Although demand for local foods is rising, availability of fresh, healthy, and affordable food in urban neighborhoods is decreasing, thus creating a "food gap." According to a Cuyahoga County Planning Commission assessment in 2008, fast food is 4.5 times more accessible than larger-scale supermarkets throughout Cleveland and 3 times more accessible throughout the county, and only 21% of Cleveland adults report adequate daily fruit and veggie consumption. In a study conducted by the Food Policy Coalition in 2009, Food Deserts were identified across various areas of Cleveland, particularly in Glenville, Hough, and Central neighborhoods. These are areas where residents are geographically located far distances from the nearest grocery store, and also have low access to transportation. Furthermore, fresh, healthy food has also become more expensive. The Journal of the American Medical Association reported that the inflation adjusted cost of highly processed foods made from high calorie commodities dropped 10% from 1982-2008. During the same period, the price of fruits and vegetables increased by 50%. This is a major problem for many residents of Cleveland. By looking at the chart at the right, one can see the high rates of poverty and negative health indicators in the city and, to a lesser extent, in the surrounding county. It has become difficult for certain residents to afford the types of nutrients that would be most helpful in preventing or diminishing the effects of diet-related chronic diseases. Increasing prices coupled with rising unemployment and an economic recession have made it even more challenging to secure healthy food. This is evidenced by a rise in the number of Food Assistance Program recipients. From 2009 to 2010, there was a 24% increase in the number of food stamp recipients in Cuyahoga County, and in Cleveland there was an 18% increase in the number of food stamp recipients. A 2009 American Heart Association Survey found that 29% of Americans are purchasing fewer fruits, vegetables, and other perishable food items due to financial concerns.

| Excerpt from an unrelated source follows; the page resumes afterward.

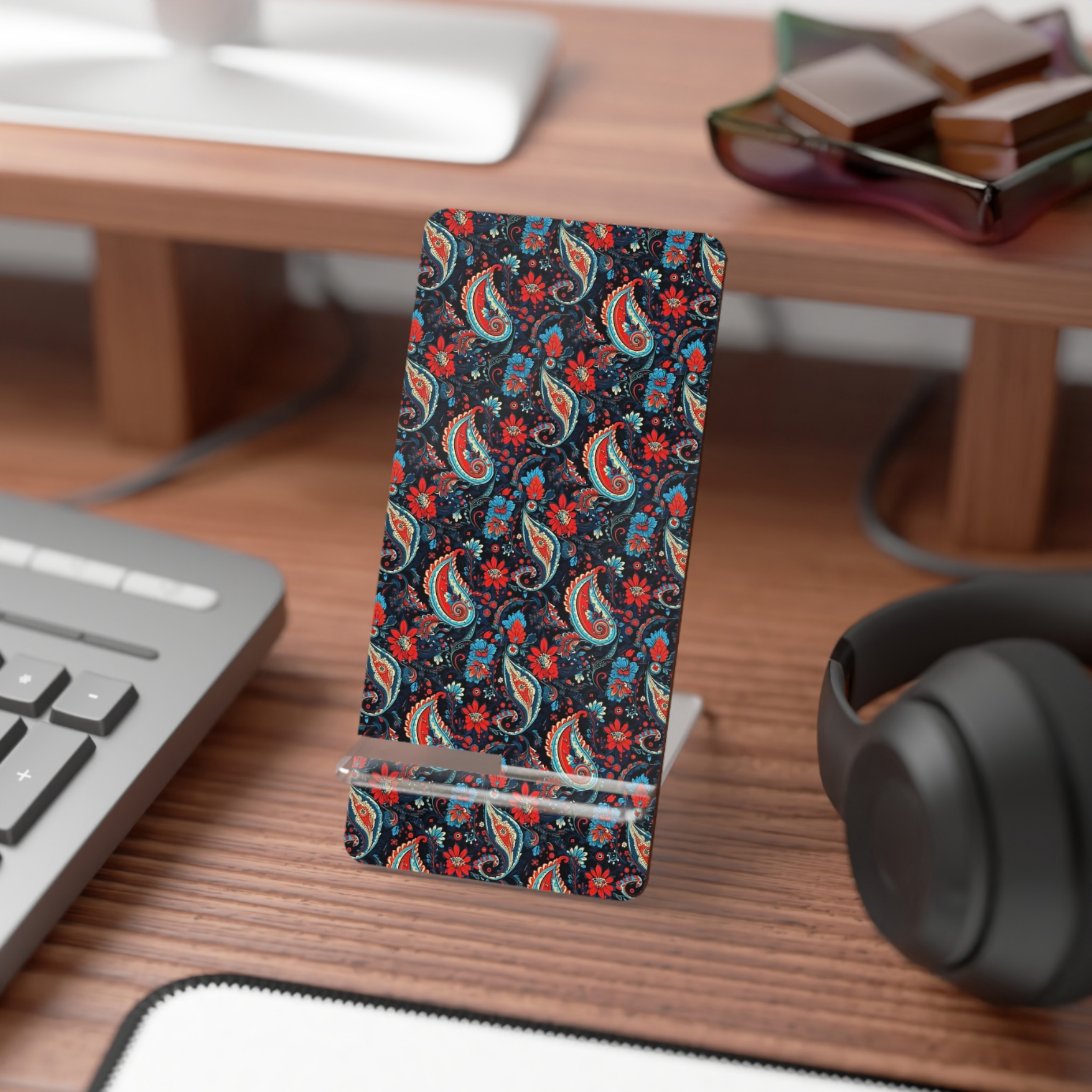 Phone case with colorful paisley pattern on a desk with keyboard and headphones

How is public health affected by food security?
One of the results of the environmental and economic conditions of food insecurity is an alarming rate of preventable chronic diseases and conditions, including obesity and diabetes. A recent Robert Wood Johnson Report (F is for Fat released in July 2010) ranked Ohio #13 in the nation for adult obesity (29%) and documented a rising disparity between racial and ethnic groups, with 40% of African-Americans, 33% of Latinos, and 28% of whites classified as obese. Ohio's youth are 12th in the nation with respect to obesity, with 18.5% of Ohio's children identified as obese. In Cleveland, 10.8% of residents have been diagnosed with diabetes and 33.8% are obese.
Why should the Cleveland-Cuyahoga County Food Policy Coalition promote food access?
Many inner-city neighborhoods can be considered "food deserts," where residents lack access to foods needed to support a healthy diet. Locally-based food systems can foster increased connections between local growers and urban residents, adding to the availability of healthy foods. By addressing issues of Food Access, the FPC has the opportunity to improve the health and nutrition of community residents, and create a more sustainable food supply system for residents of any income level.
How can a local food system affect health and nutrition?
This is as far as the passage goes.